But he told Wallin that letters of support from friends and former parishioners surpassed "anything I have ever seen."

"It's a little like attending your own funeral, your own wake," the judge said.

Wallin's public defender, Kelly Barrett, said her client "put all his efforts in helping others" while neglecting himself. She called for leniency because Wallin has no criminal history and likely wouldn't return to crime.

Barrett also said Wallin was coping with financially tough times at the parish at the start of the Recession in 2008.

"He was floundering and overwhelmed," she said. "The man who had given help to others was unable to accept help."

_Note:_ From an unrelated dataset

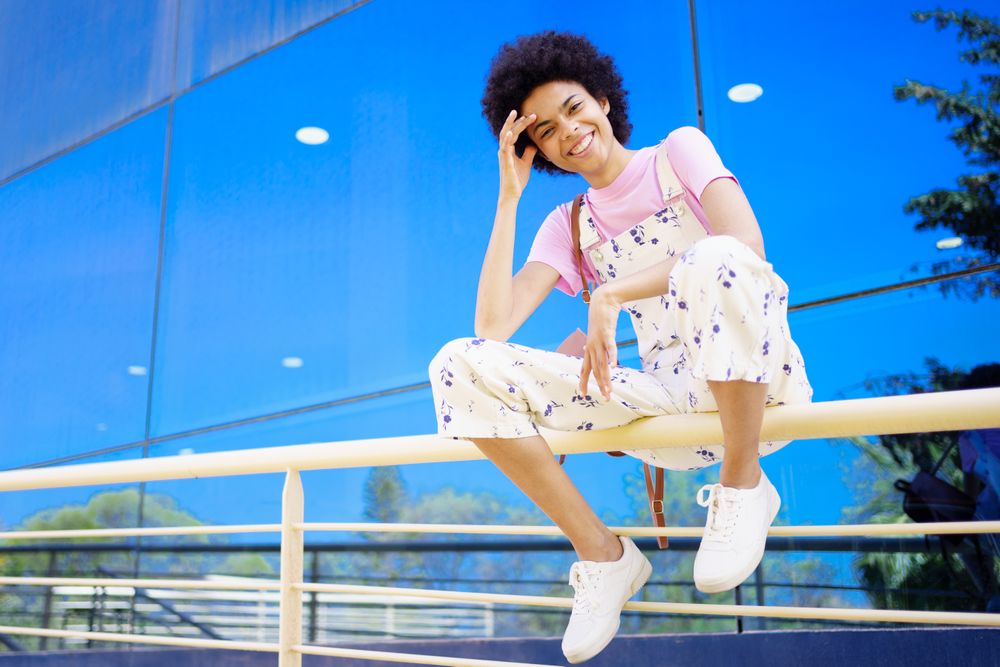 Smiling woman sitting on handrails in front of reflective building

Assistant U.S. Attorney Patrick Caruso told the judge that Wallin "abandoned his priestly life" and became a meth addict, associating with other meth users.

He acknowledged Wallin's service as a priest and his charitable work and said he's "genuinely remorseful." But Wallin, who worked in Bridgeport and Danbury, was the "most culpable" as head of the meth ring, the prosecutor said.

"He turned his apartment into a meth den for people to buy meth, to use meth," he said. "The public didn't know how he became a stone-cold drug dealer."

A psychiatrist who works with drug addicts, a church colleague of Wallin's and several others asked Covello for leniency.

"We try to judge wisely and justly," Monsignor Andrew Varga of Westport told the judge. "His human failings got in the way of his better judgment. We ask you to judge wisely and justly."